Pour Poutine, c’est un véritable crime de lèse-majesté, une « provocation » pour reprendre les termes d’un dirigeant français de l’énergie interrogé à travers mon enquête. Depuis la chute de l’Union soviétique, la Russie avait en réalité la haute main sur le parc nucléaire ukrainien (hérité de l’Union soviétique), tant pour la fourniture de combustibles, que pour la maintenance, la sûreté, la gestion des déchets et la coopération internationale sur les questions de prolifération à travers l’Agence internationale de l’énergie atomique (AIEA).
En tant que journaliste, je travaille depuis de nombreuses années sur l’industrie du nucléaire et ses composantes géopolitiques. Dans mon précédent ouvrage, l’Emprise, je m’étais notamment intéressé aux liens entre EDF et la Chine. Ces dernières années, il était commun de dire que les Américains avaient délaissé le nucléaire civil, une énergie contestée par leur opinion publique depuis l’accident de Three Mile Island en 1979 et considérée comme peu rentable. J’ai pourtant découvert que l’administration Trump avait engagé un grand programme de relance du nucléaire civil américain depuis 2020, pour contrer tant la Russie que la Chine dans un contexte d’augmentation des tensions internationales. Au sein de cette offensive américaine dans le nucléaire en Europe, l’Ukraine est clé. À travers mon enquête, j’ai récupéré de nombreuses informations confidentielles concernant ces projets.

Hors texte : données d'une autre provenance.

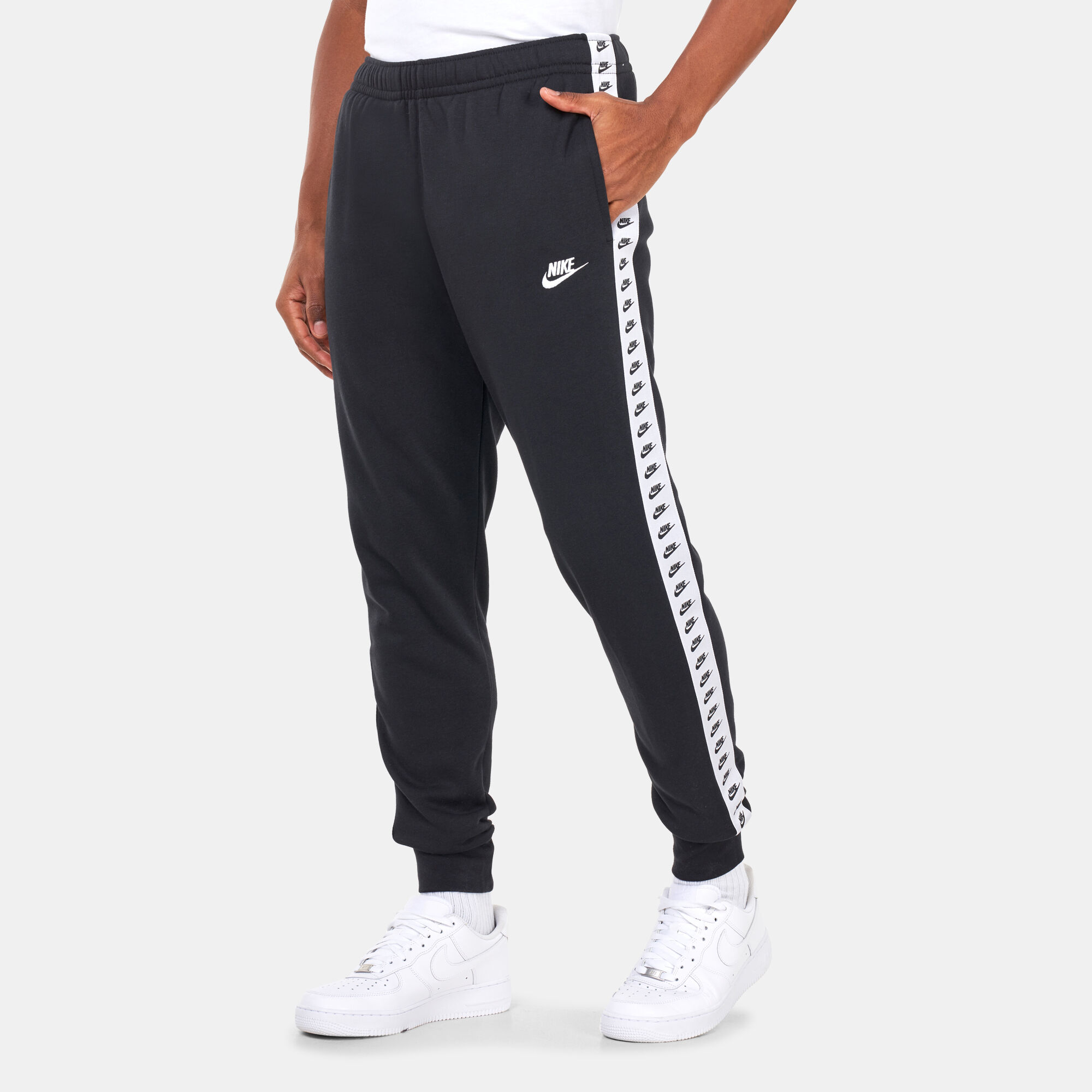 Men s Sportswear Fleece Tracksuit Black Nike in Kuwait SSS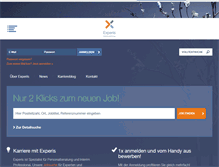 Tablet Screenshot of experis.at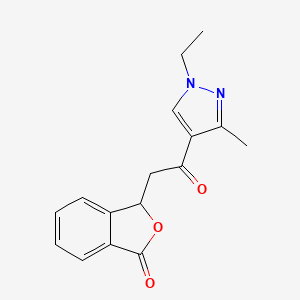 3-[2-(1-ethyl-3-methylpyrazol-4-yl)-2-oxoethyl]-3H-2-benzofuran-1-one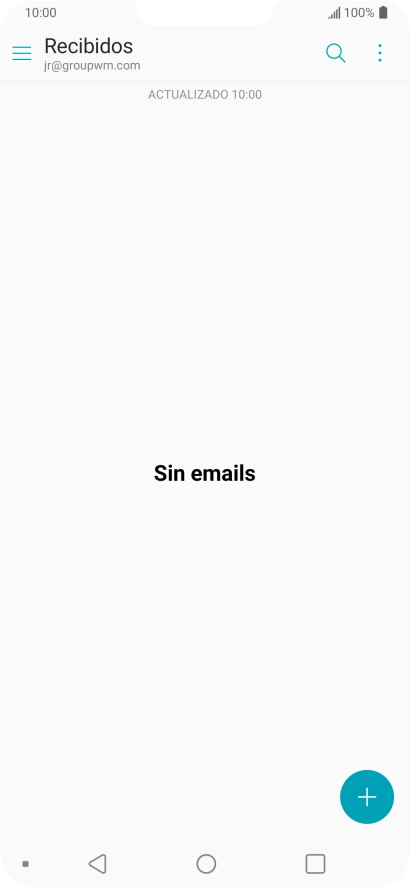 Desliza el dedo hacia la derecha desde la parte izquierda de la pantalla.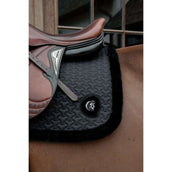 Kentucky Horsewear Tapis de Selle Fake Fur Onion Quilt de Saut Noir Kentucky Horsewear Tapis de Selle Fake Fur Onion Quilt de Saut Noir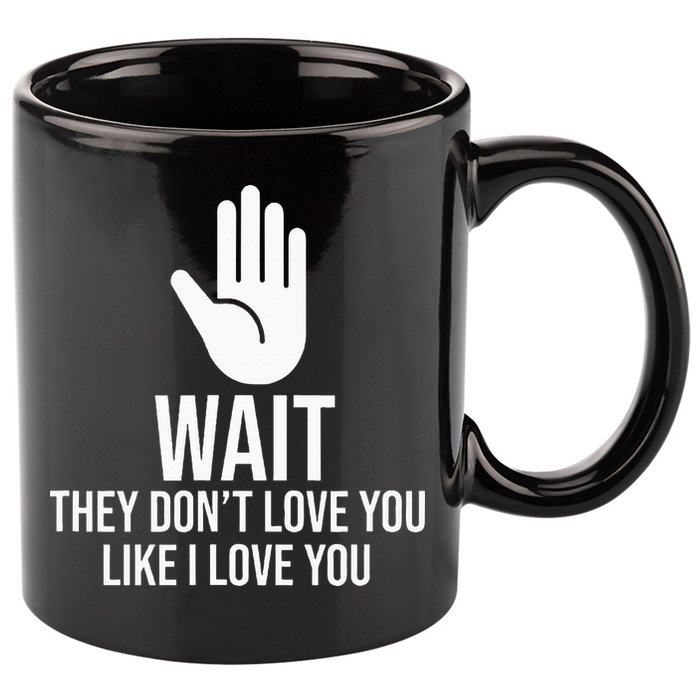 Wait They Don’T Love You Like I Love You Cool 11oz C Handle Ceramic Mug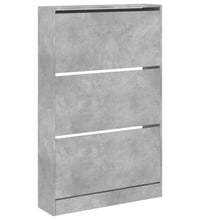 Schuhschrank Betongrau 80x21x125,5 cm Holzwerkstoff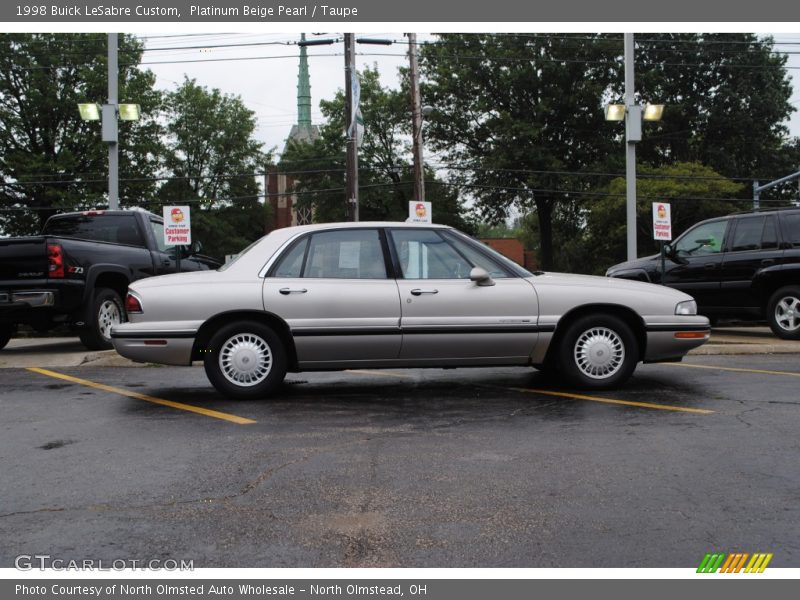 Platinum Beige Pearl / Taupe 1998 Buick LeSabre Custom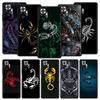 Мультяшный чехол-скорпион для телефона Xiaomi Redmi Note 14 13 5G 10 11 12 Pro Plus 4G 14C 13C 12C 10C Черный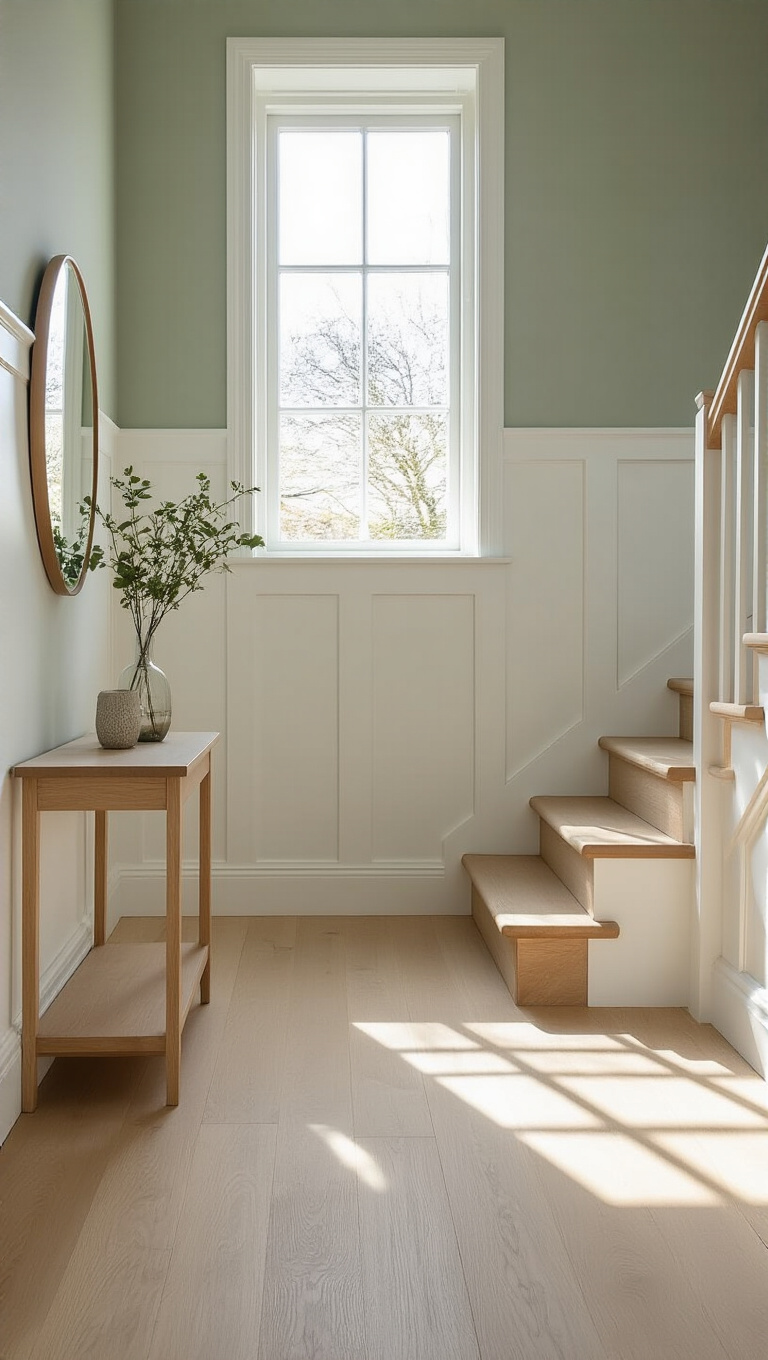 10. Minimalist Nordic-Style Hallway Panelling
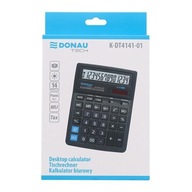 DONAU TECH kancelárska kalkulačka K-DT4141-01 14-miestne. čierna DONAU TECH kancelárska kalkulačka K-DT4141-01 14-miestne. čierna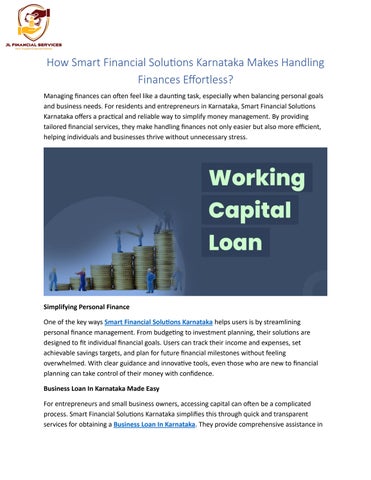 Smart Financial Solutions Karnataka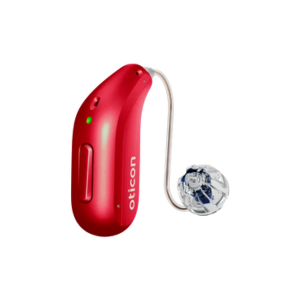 UdiClinic apparecchi acustici bambini Oticon Play rosso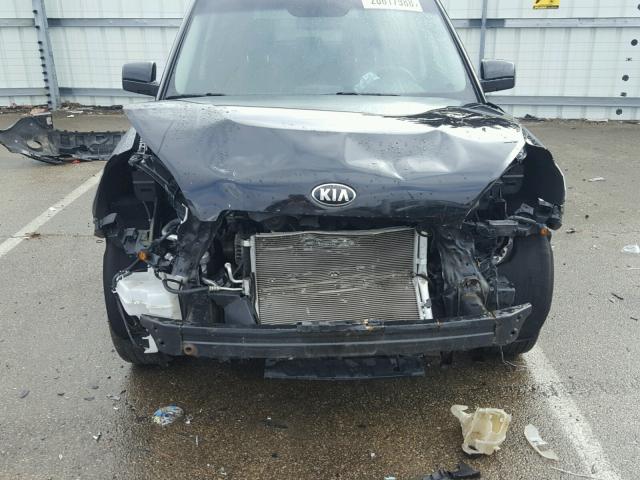 KNDJT2A54D7585907 - 2013 KIA SOUL BLACK photo 9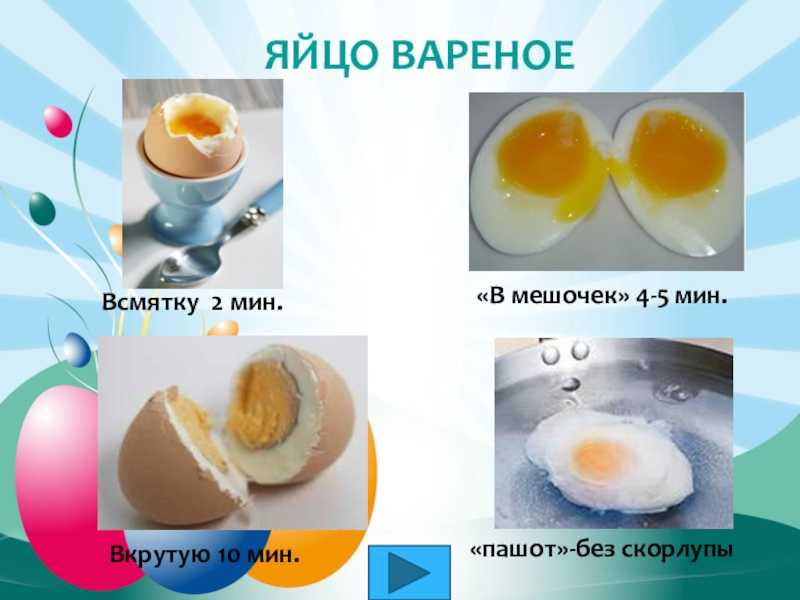 Сколько минут варятся яйца всмятку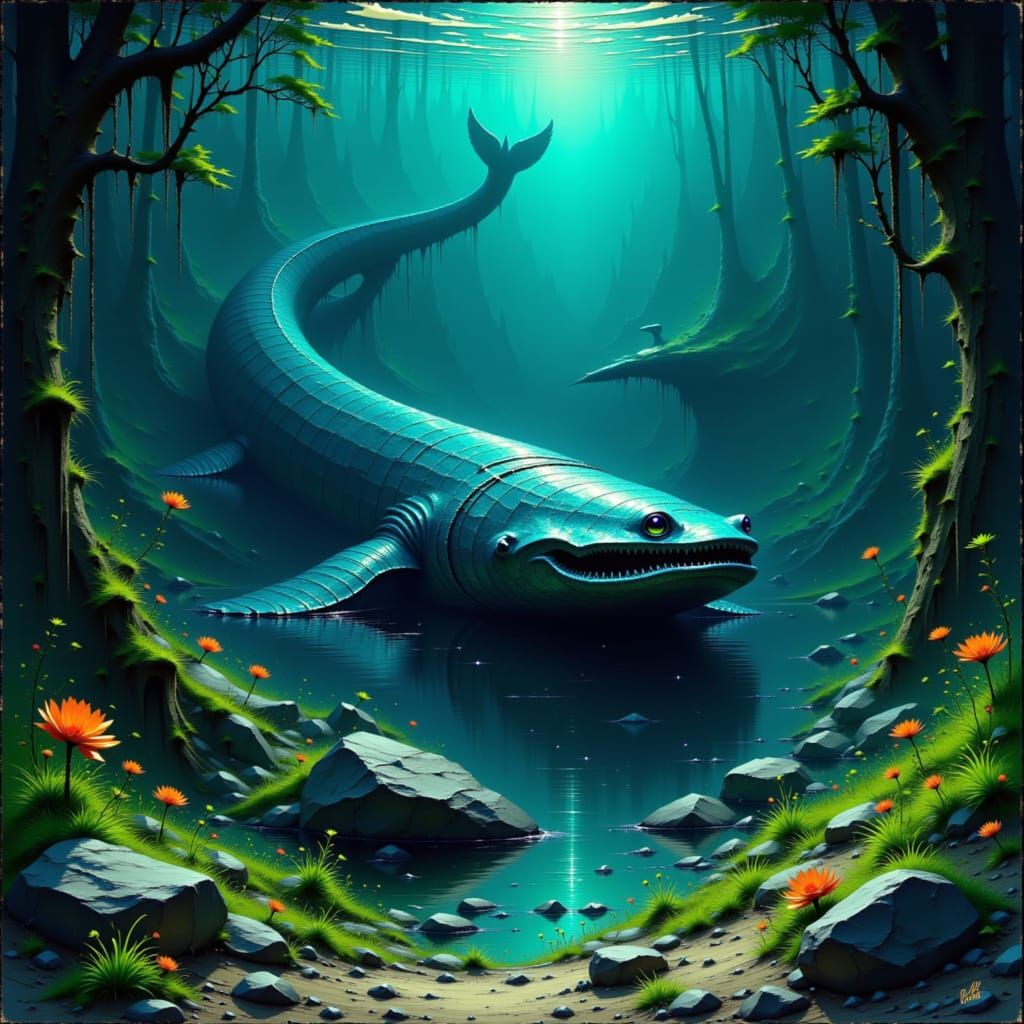 Abaia Eel in a Fijian Lake, Cinematic Realism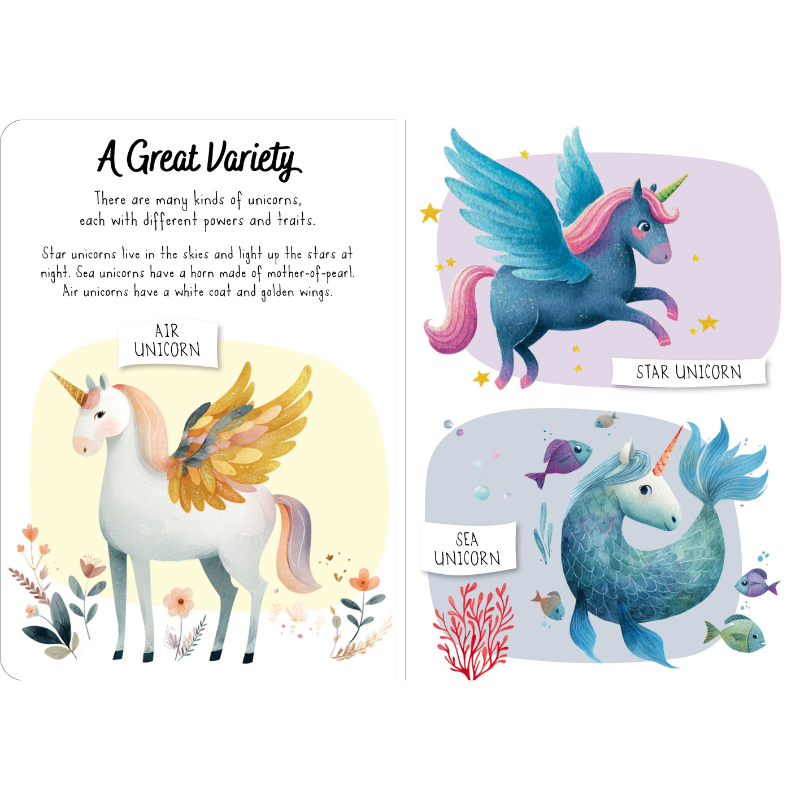 Sassi Magic Water Puzzle & Book Set - Unicorns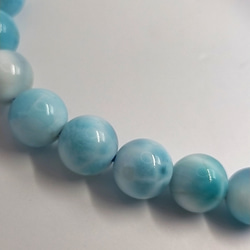 高品質 Larimar 手鍊 [BPnHA] 愛與和平念珠 8 毫米 多明尼加共和國製造 第6張的照片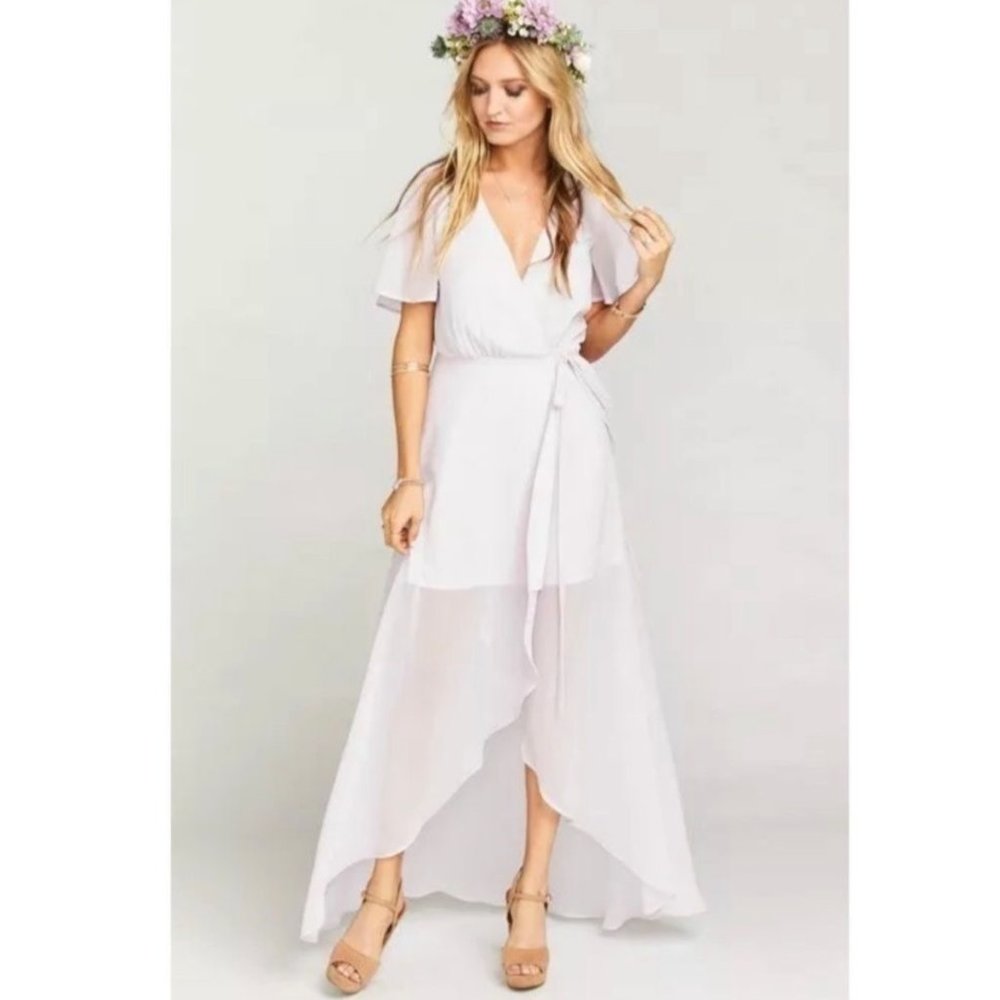 Show Me Your Mumu Sophia Flutter Sleeve Wrap Dress | S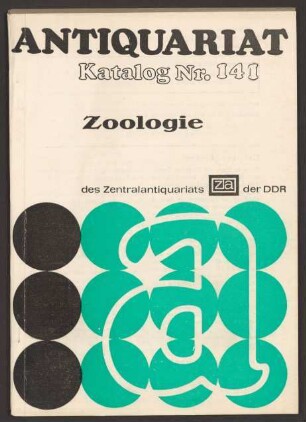 Nr. 141: Zoologie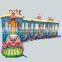 Top level professional outdoor electric trains for theme park
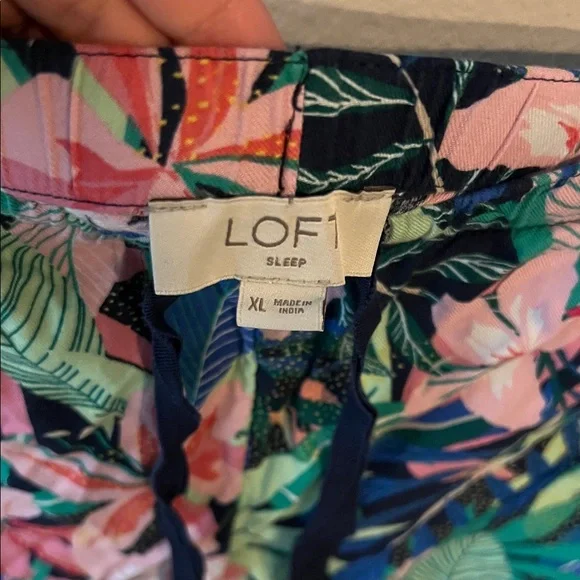 LOFT Floral Pajama Set - Picture 4 of 9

Ce dossier nucléaire civil était ainsi une priorité du président Zelensky depuis son accession au pouvoir en 2019, creusant un fossé béant de défiance entre Kiev et Moscou. En coulisses, le volontarisme ukrainien sur le nucléaire a aussi provoqué des tensions entre l’administration Biden et Zelensky. C’est un débat crucial totalement ignoré en France, mais depuis l’annexion par les Russes de la Crimée en 2014, de nombreuses voies en Ukraine se sont élevées pour rétablir le statut d’État nucléaire (militaire) de leur pays. Les Ukrainiens regrettent aujourd’hui d’avoir renvoyé à Moscou, au milieu des années 1990, les milliers d’ogives nucléaires soviétiques, dont Moscou détenait les codes d’utilisation) qui se situaient alors sur leur territoire. À l’époque, cet engagement avait été formalisé à travers le Mémorandum de Budapest signé en 1994, entre l’Ukraine et la Russie, mais également avec les autres puissances nucléaires que sont les États-Unis, la Grande-Bretagne, auxquels se sont jointes par la suite la Chine et la France. En contrepartie du transfert de ces armes à Moscou et de la signature du Traité sur la non-prolifération des Armes nucléaires (TNP), les puissances nucléaires s’engageaient à respecter l’intégrité territoriale de l’Ukraine. Mais aucune disposition n’obligeait chacune des parties à venir en aide à l’Ukraine en cas d’attaque, d’où les regrets et la rancœur des Ukrainiens aujourd’hui, y compris vis-à-vis des puissances occidentales. Lors de la conférence de sécurité de Munich, le 18 février, six jours avant l’invasion russe, Zelensky a ainsi expliqué dans son discours : « Nous n’avons pas cette arme, nous n’avons pas la sécurité ».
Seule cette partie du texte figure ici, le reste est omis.